Return the data word for word. Pictures are to be omitted.

DATA BELOW:
·····

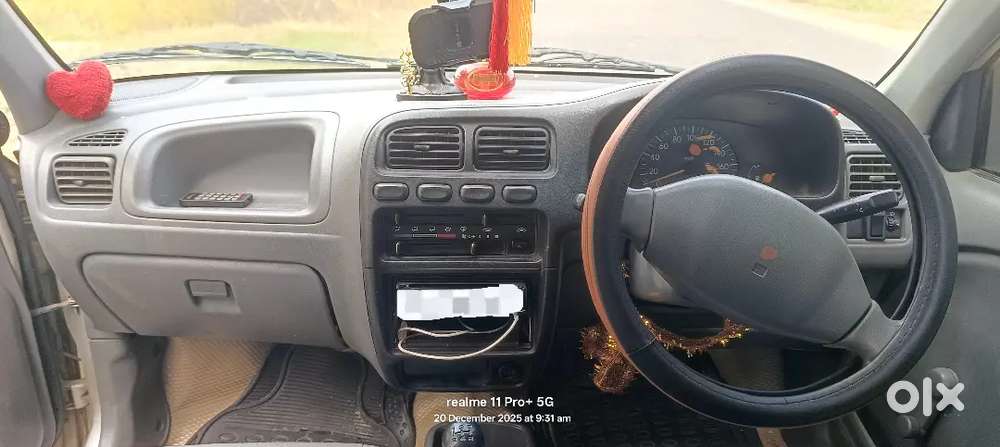 Maruti Suzuki Alto 2005 Petrol 8000 Km Driven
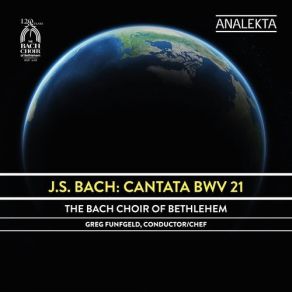 Download track 01. Cantata Gott, Man Lobet Dich In Der Stille, BWV 120 IV. Aria Heil Und Segen Johann Sebastian Bach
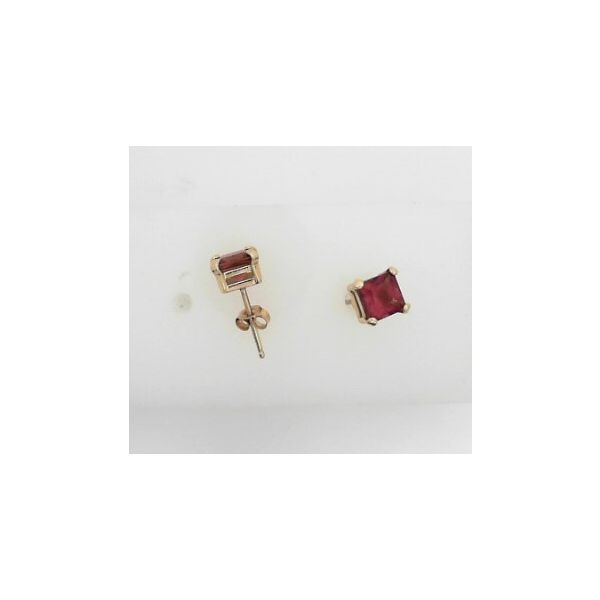 Gemstone Earrings McGee & Company Fine Jewelers Greenwood, IN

·····

OUTPUT OF THE EXERCISE:
 Maruti Suzuki Alto 2005 Petrol 8000 Km Driven
 Download track 01. Cantata Gott, Man Lobet Dich In Der Stille, BWV 120 IV. Aria Heil Und Segen Johann Sebastian Bach
 Gemstone Earrings McGee & Company Fine Jewelers Greenwood, IN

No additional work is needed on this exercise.